• _Exercise aim_: Images embedded in the records are excluded; print everything else exactly as given.

• _Entries supplied_:

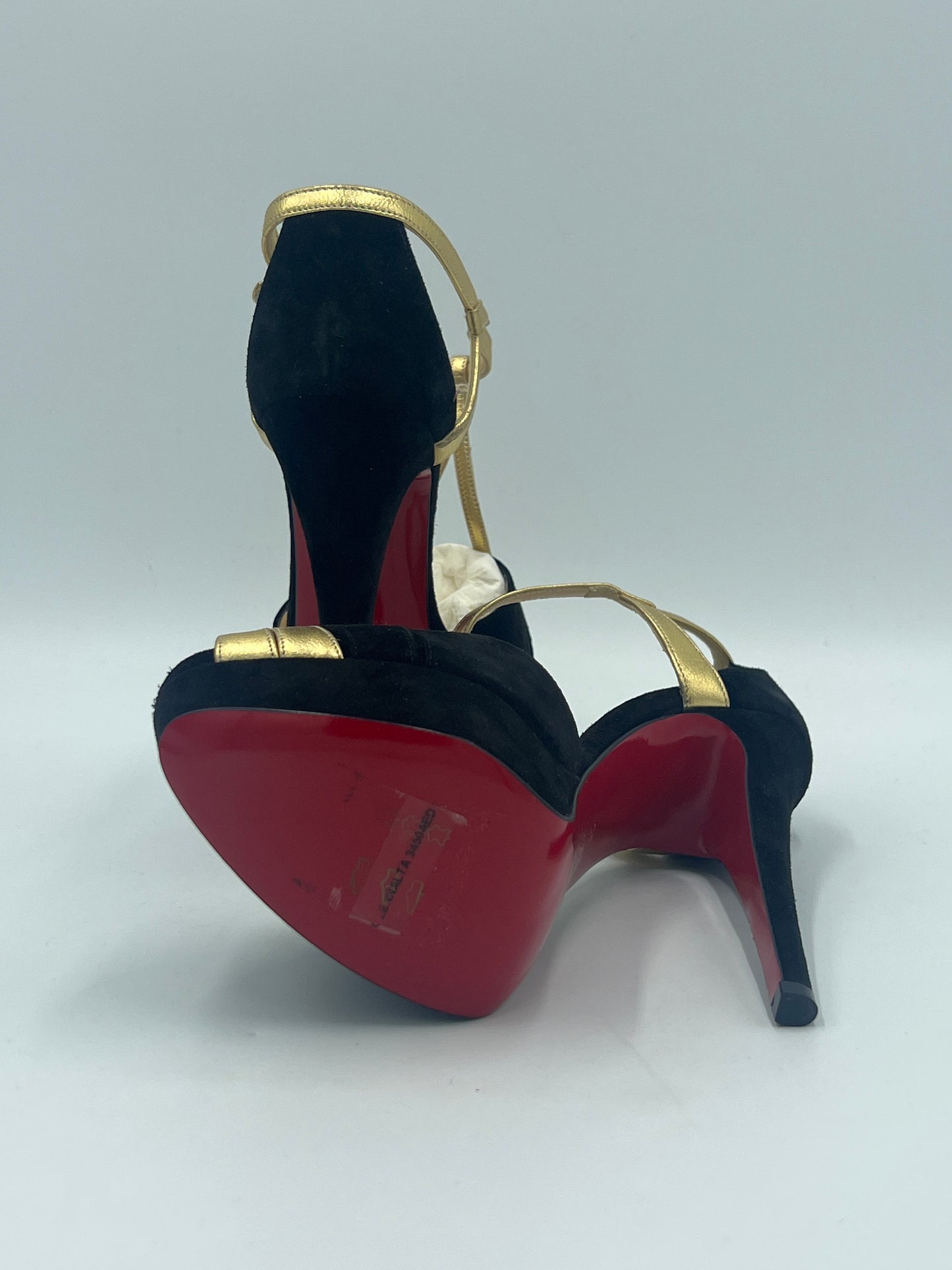 LIKE NEW! Christian Louboutin Glennalta Luxury Designer Heels, Size: 5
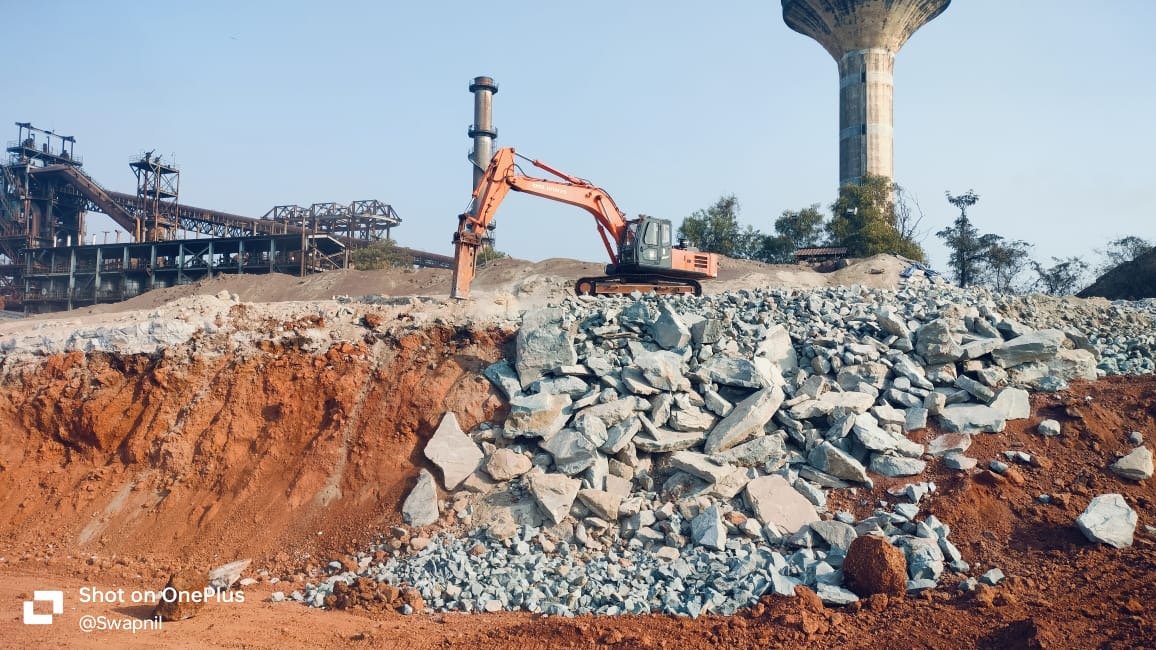 Civil works for Ductile Iron Pipe Plant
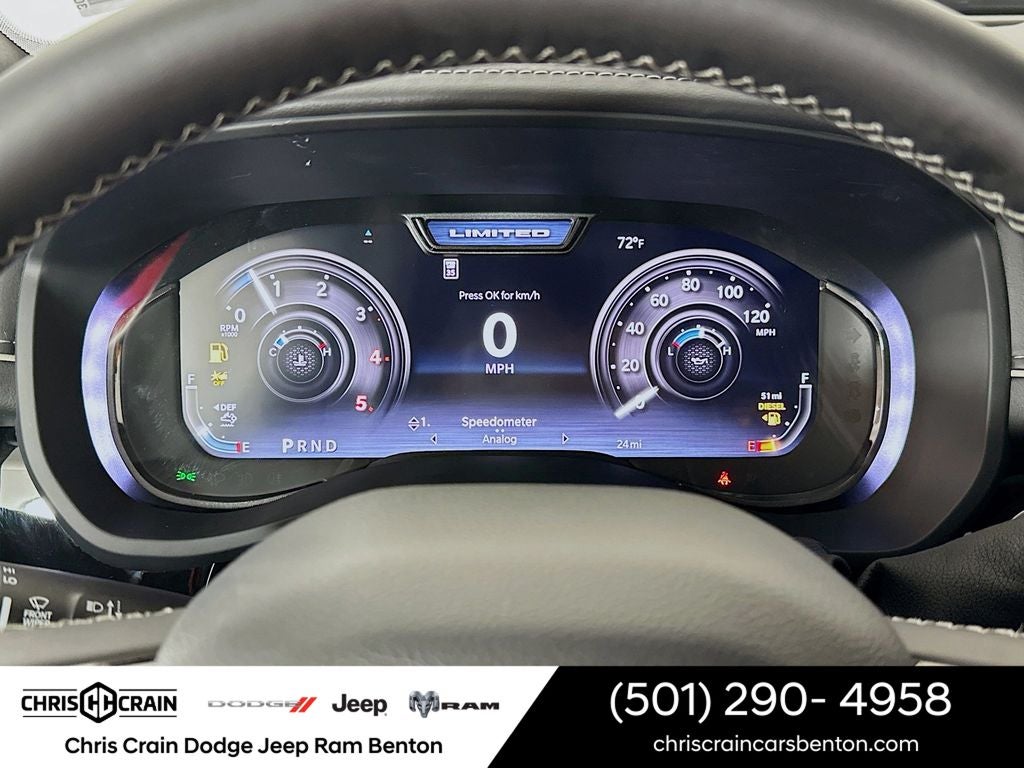 2026 RAM Ram 2500 RAM 2500 LIMITED MEGA CAB 4X4 6'4' BOX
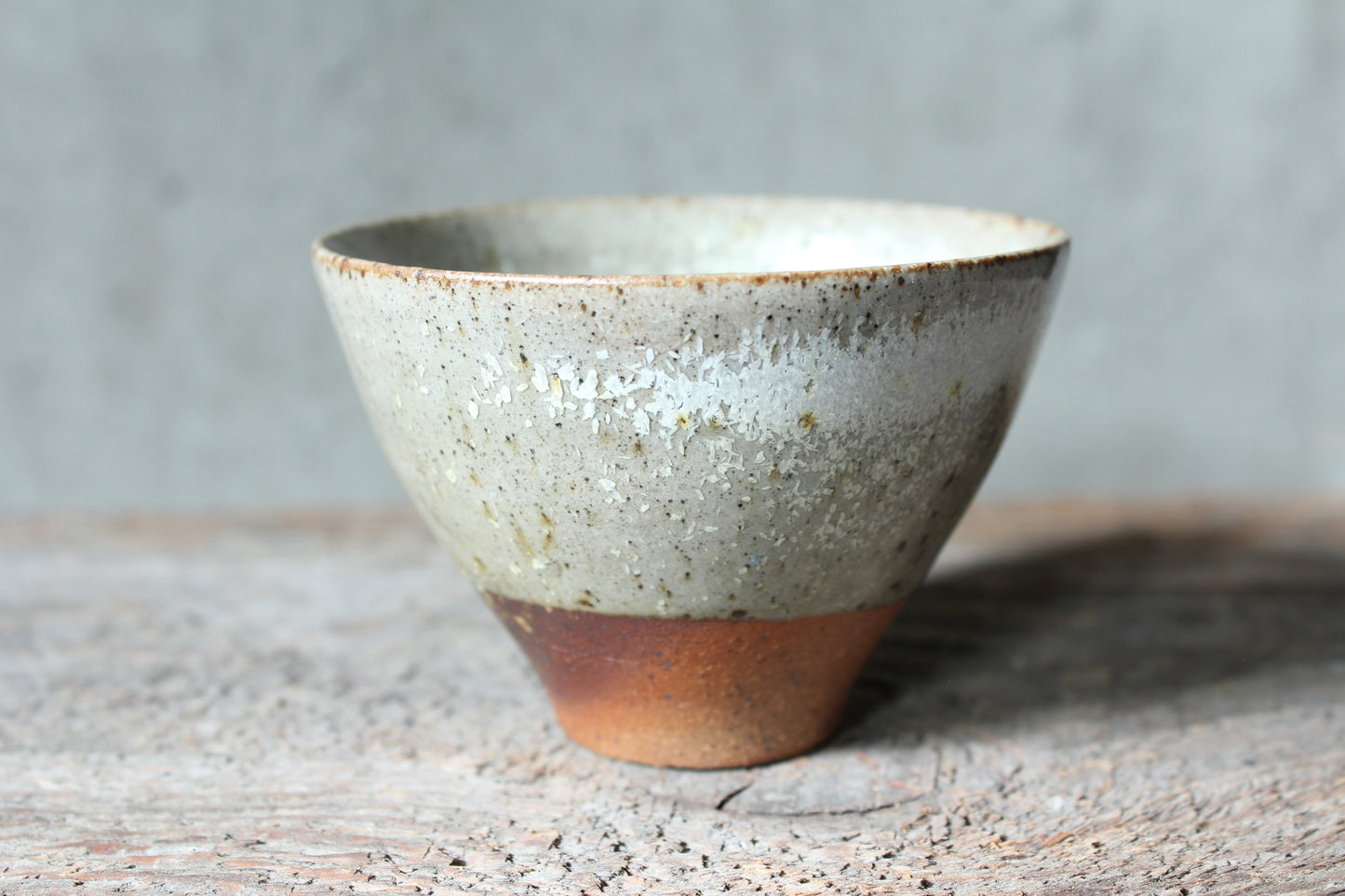 Glazed Stoneware Teacup 125ml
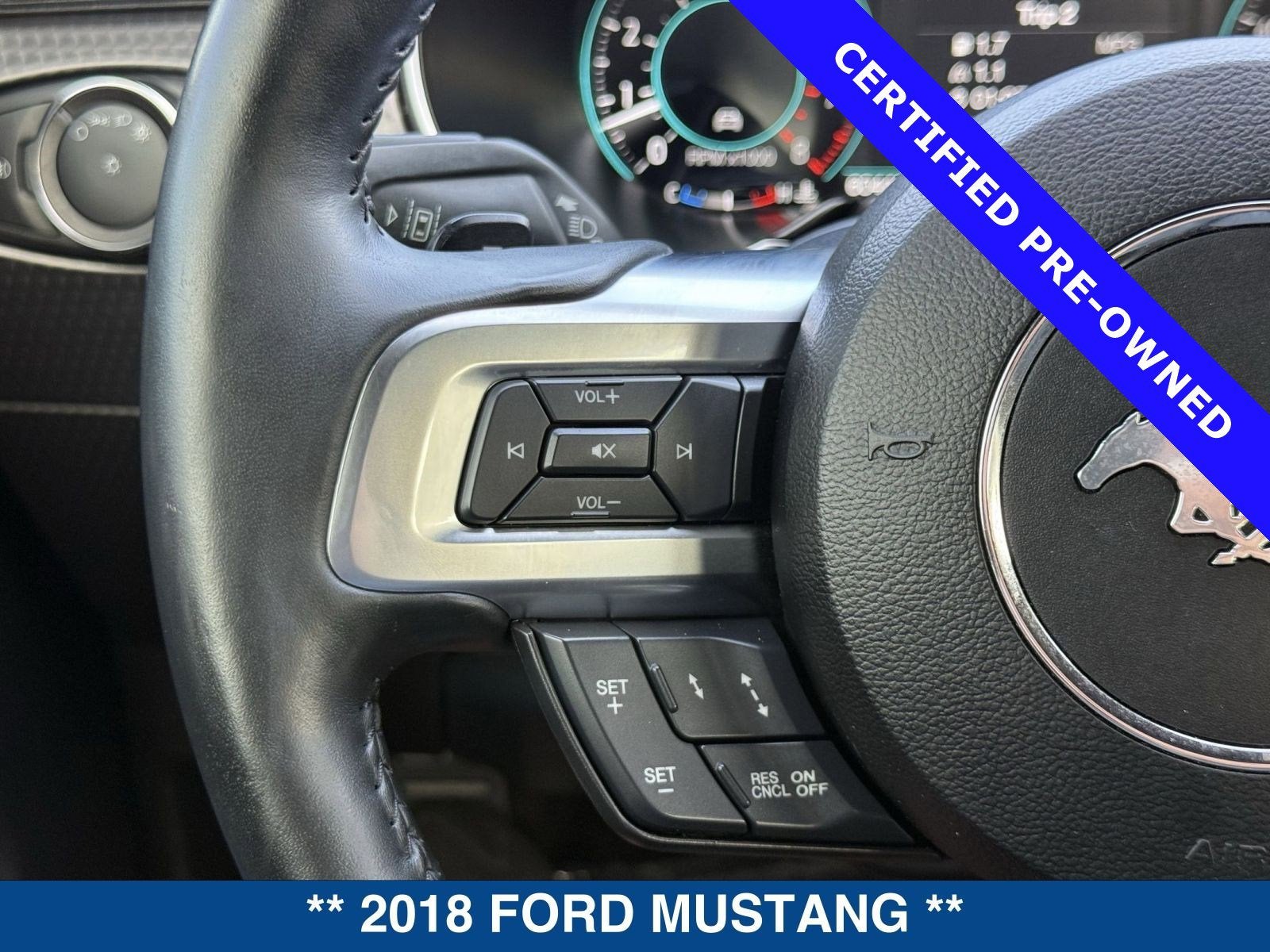 2018 Ford Mustang EcoBoost Premium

• _Task solution_:
 LIKE NEW! Christian Louboutin Glennalta Luxury Designer Heels, Size: 5
 Civil works for Ductile Iron Pipe Plant
 2026 RAM Ram 2500 RAM 2500 LIMITED MEGA CAB 4X4 6'4' BOX
 Glazed Stoneware Teacup 125ml
 2018 Ford Mustang EcoBoost Premium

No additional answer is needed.